Dave Grannan, chief executive officer of voice software maker Vlingo, expects many technologies to be integrated eventually. In his dream scenario, he’ll be able to tell his TV to pull up his Netflix queue. Using Kinect-style motion control, he could then air-swipe through his library. Thanks to eye-tracking software in the TV or set-top box, he would simply look at the movie he wants to watch and say, “Play that.” “The combination of voice, gesture, and eye tracking is the future,” says Grannan. He says Vlingo will announce its first voice recognition product for TV at the International Consumer Electronics Show that begins on Jan. 10.

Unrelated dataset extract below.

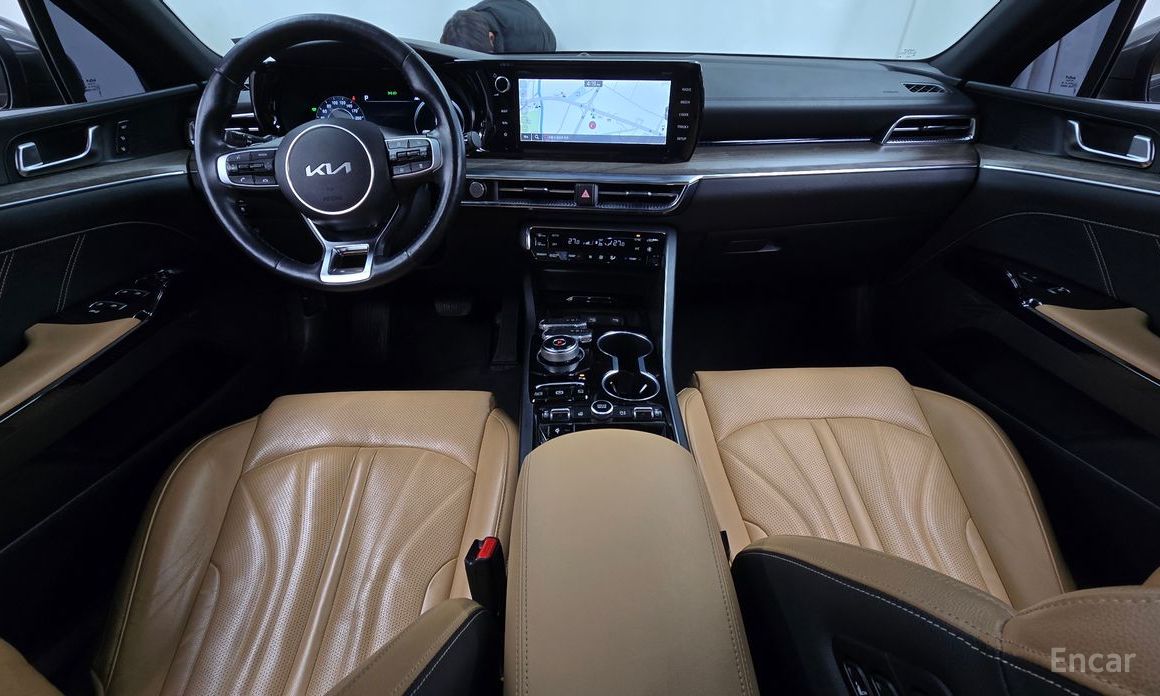 2022 Kia K5 III Signature с пробегом 87 733 км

Major hurdles remain. “The living room is tough,” says Dag Kittlaus, who co-founded Siri, the voice control technology startup bought by Apple in 2010. Kittlaus left Apple in October and is now writing a sci-fi novel (which, yes, involves computers that listen). Voice recognition products in the living room need to be able to distinguish voice commands from casual chitchat, screaming kids, and the sounds coming from the TV itself. Also, most TVs don’t share a common operating system such as Windows for which developers can create new applications. “The minute someone comes along with an ‘app store’ for TV, it will break wide open and transform the experience,” says Kittlaus. “As it stands, the only people who have access to what you see on the TV are the TV makers and cable guys.” A startup called Zypr, founded by consumer electronics maker Pioneer, has developed standards for speech-enabled devices but has yet to announce partners.

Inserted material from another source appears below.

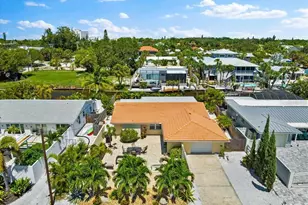 327 Avenida Milano, Sarasota, FL 34242 - Photo 2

The biggest challenge, however, is simply making the software smarter. Kinect users are limited to a handful of commands, and plenty of iPhone 4S owners have already tired of hearing Siri tell them, “I don’t understand.” That means the heaviest lifting still needs to be done by the technology companies that have worked for decades on artificial intelligence. SRI International, the Silicon Valley research lab that created the Siri technology before spinning it off as a separate company, is working on software to allow for far more advanced computer-human dialogue. There’s even a project to enable technology to discern a person’s mood by picking up on verbal cues. “Siri is the beginning of the story, or near the beginning of the story,” says SRI Vice-President Norman Winarsky, an early champion of Siri. “There’s much more to come.”